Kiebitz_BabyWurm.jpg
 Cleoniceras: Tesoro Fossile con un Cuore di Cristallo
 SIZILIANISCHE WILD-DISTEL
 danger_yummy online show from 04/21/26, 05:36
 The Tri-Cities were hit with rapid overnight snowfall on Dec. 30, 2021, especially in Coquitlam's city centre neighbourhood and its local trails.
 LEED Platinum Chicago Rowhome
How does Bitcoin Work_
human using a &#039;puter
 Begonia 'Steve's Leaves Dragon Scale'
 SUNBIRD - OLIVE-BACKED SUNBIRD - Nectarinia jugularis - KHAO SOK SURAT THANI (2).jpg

• [What this task involves]: Write out the listing exactly, keeping every character.

• [Answer to the exercise]:
Kiebitz_BabyWurm.jpg
 Cleoniceras: Tesoro Fossile con un Cuore di Cristallo
 SIZILIANISCHE WILD-DISTEL
 danger_yummy online show from 04/21/26, 05:36
 The Tri-Cities were hit with rapid overnight snowfall on Dec. 30, 2021, especially in Coquitlam's city centre neighbourhood and its local trails.
 LEED Platinum Chicago Rowhome
How does Bitcoin Work_
human using a &#039;puter
 Begonia 'Steve's Leaves Dragon Scale'
 SUNBIRD - OLIVE-BACKED SUNBIRD - Nectarinia jugularis - KHAO SOK SURAT THANI (2).jpg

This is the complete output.